XGBoost is slightly more efficient than GBM, and achieves comparable results on a similar grid. We can use the Random Search to explore some more intensive models (more trees, lower learning rate), and add subsampling as an extra form of regularization.

In [None]:
# %%time

# This block times the execution of a RandomizedSearchCV optimization using XGBoost (XGBRegressor).
# Approximate runtime: 3 minutes 36 seconds.

# Define the hyperparameter distributions to sample from:
# - 'max_depth': Maximum depth of trees.
# - 'n_estimators': Number of boosting rounds.
# - 'learning_rate': Step size shrinkage.
# - 'objective': Loss function used by the model.
# - 'subsample': Fraction of training samples used for each tree to prevent overfitting.

# Calculate total number of possible parameter combinations (for reference only).

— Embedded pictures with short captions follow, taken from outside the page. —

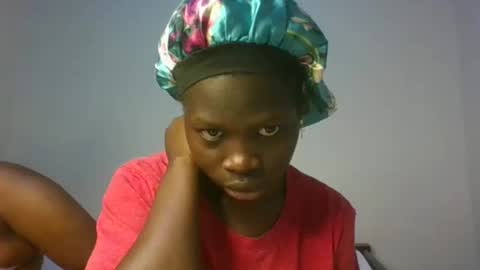 sassytannia online show from February 25, 10:30 am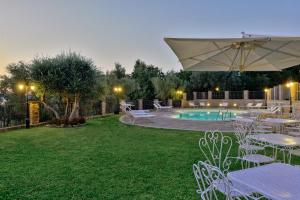 Πισίνα στο ή κοντά στο Villa Elaia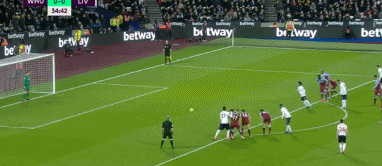 大连英博外援拉布亚德离队，本赛季表现起伏，遭质疑，终与俱乐部解约。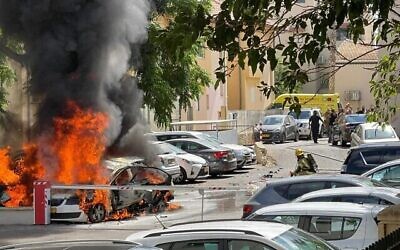 Un véhicule brûle après un attentat à la voiture piégée à Zichron Yaakov le 6 juillet 2022. (Crédit : Courtoisie)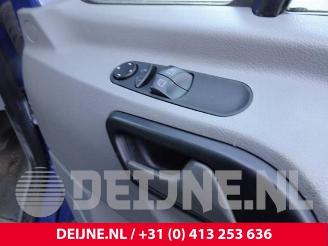 Volkswagen Crafter Crafter, Bus, 2006 / 2013 2.5 TDI 30/32/35 picture 18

# Set up RandomizedSearchCV with:
# - 5-fold cross-validation (KFold) and data shuffling.
# - Verbose output to track progress.
# - Parallel processing with 4 jobs.
# - Return training scores.
# - Limit the number of sampled combinations to 30 (`n_iter=30`).

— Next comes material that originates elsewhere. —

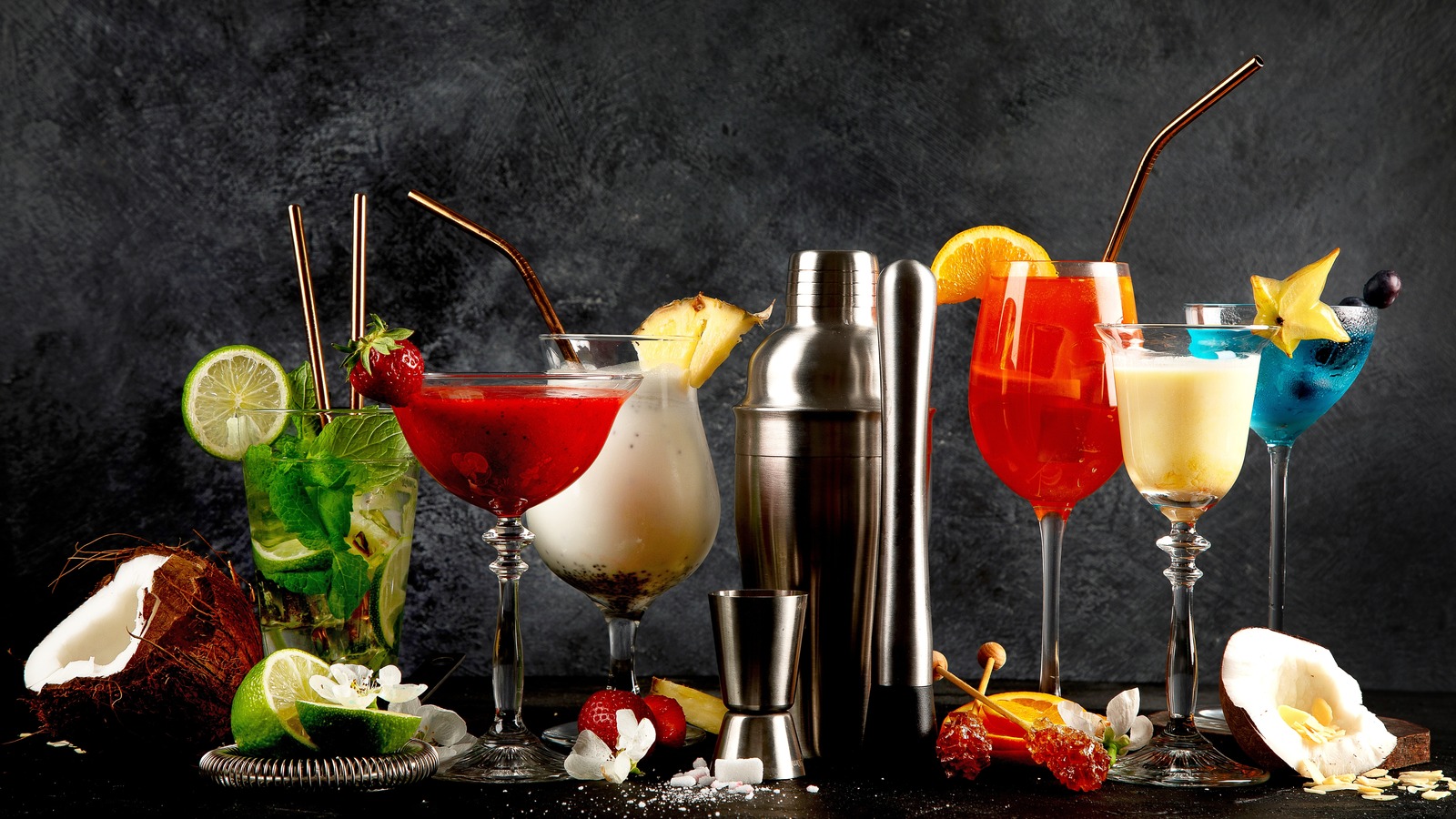 12 Unhealthiest Drinks You Should Think Twice About Ordering At A Bar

# Fit the model on selected features and targets.

# Print the best hyperparameter combination and the associated cross-validation score.


In [None]:
scores = pd.DataFrame(model.cv_results_)
scoresCV = scores[['params','mean_test_score','std_test_score','mean_train_score']].sort_values(by = 'mean_test_score', \
                                                    ascending = False)
scoresCV.head()

We are able to get slightly higher scores using this wider parameter space in combination with the Randomized Search, but again, the statistical significance of this increase is very low.

We can also look for outlier fraction and NMAD:

In [None]:
y_pred_bm = cross_val_predict(bm, sel_features, sel_target.values.ravel(), cv = KFold(n_splits=5, shuffle = True, random_state=5))

In [None]:
print(len(np.where(np.abs(sel_target.values.ravel()-y_pred_bm)>0.15*(1+sel_target.values.ravel()))[0])/len(sel_target.values.ravel()))

print(1.48*np.median(np.abs(sel_target.values.ravel()-y_pred_bm)/(1 + sel_target.values.ravel())))

### Conclusion: all boosting algorithms behave fairly similarly for this data set. It might be worth simply using the fastest one (HistGBR + Random Search).